The manufacturer has a daily production budget of $2,000 and maximum of 660 hours of labor. Maximum daily customer demand is for 200 clocks, 300 radios, and 150 toasters. Clocks sell for $15, radios for $20, and toasters for $12.The company wants to know the optimal product mix that will maximize profit.
a) Formulate a linear programming model for this problem;
b) Solve the model by using the computer.

Given:

Cost/Unit Labor Hours/Unit
Clock $7 2
Radio 10 3
Toaster 5 2

Implicitly, all quantities produced daily are to be positive, so
=>
c ≥ 0
r ≥ 0
t ≥ 0

The manufacturer has a daily production budget of $2,000
=>
7c+10r+5t ≤ 2000

and maximum of 660 hours of labor.
=>
2c+3r+2t ≤ 660

Maximum daily customer demand is for 200 clocks, 300 radios, and 150 toasters.
=>
c ≤ 200
r ≤ 300
t ≤ 150

Clocks sell for $15, radios for $20, and toasters for $12.The company wants to know the optimal product mix that will maximize profit.
=>
profit for clocks = 15-7 = 8
profit for radios = 20-10 = 10
profit for toasters = 12-5 = 7
Also, labour cost is not provided, so the 600 hours will be assumed a fixed cost.
=>
Z=8c+10r+7t (objective function)

Feed in all these inequalities to your linear programming solver.
I get c=178, r=0, t=150
for Z=2474, 656 hours, and cost = $1996
Check my results.

Check my

27523

Answer

a) To formulate a linear programming model for this problem, we need to define the decision variables, constraints, and objective function.

Decision Variables:
Let's define the decision variables as follows:
C = number of clocks produced
R = number of radios produced
T = number of toasters produced

Objective Function:
The objective is to maximize profit. The profit is calculated by subtracting the cost from the revenue generated by selling the products.
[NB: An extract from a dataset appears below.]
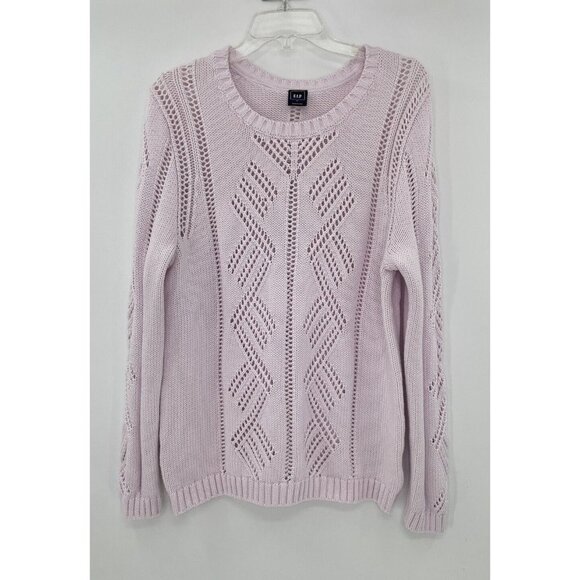 Gap Women’s Chunky Knit Crew Sweater Lavender/Pink Size XL (Runs Small)‎ Grandma - Picture 1 of 8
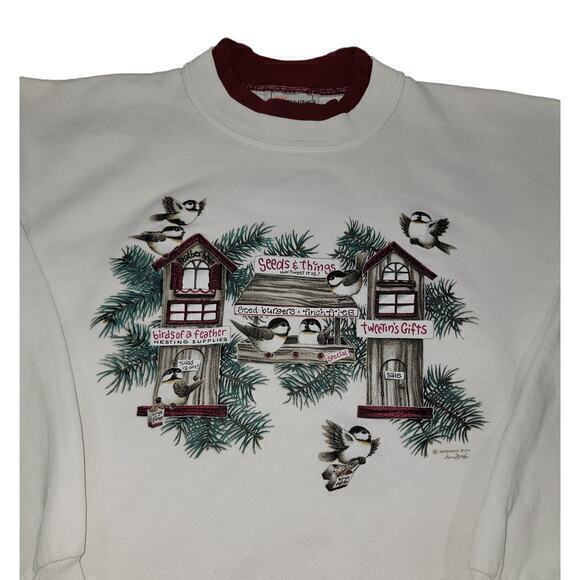 Vintage Morning Star Birds Cage Crewneck Sweatshirt‎ White/Maroon size Medium - Picture 3 of 9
The revenue is the product of the number of units sold and their respective selling prices. The cost is the sum of the resources used multiplied by their respective costs per unit. Therefore, the objective function can be written as:

Maximize: 15C + 20R + 12T - 7C - 10R - 5T

Constraints:
1. Cost constraint: The total cost of production should not exceed the daily production budget of $2,000.
7C + 10R + 5T <= 2000

2. Labor hour constraint: The total labor hours used should not exceed the maximum labor hours available of 660.
2C + 3R + 2T <= 660

3. Demand constraint: The number of units produced should not exceed the maximum daily customer demand for each product type.
C <= 200 (for clocks)
R <= 300 (for radios)
T <= 150 (for toasters)

Also, the decision variables should be greater than or equal to zero:
C, R, T >= 0

b) To solve the model using a computer, you can use a linear programming solver or an optimization software. There are many options available, such as Microsoft Excel Solver, MATLAB, Python libraries (e.g., PuLP, scipy), or commercial software like Gurobi or CPLEX.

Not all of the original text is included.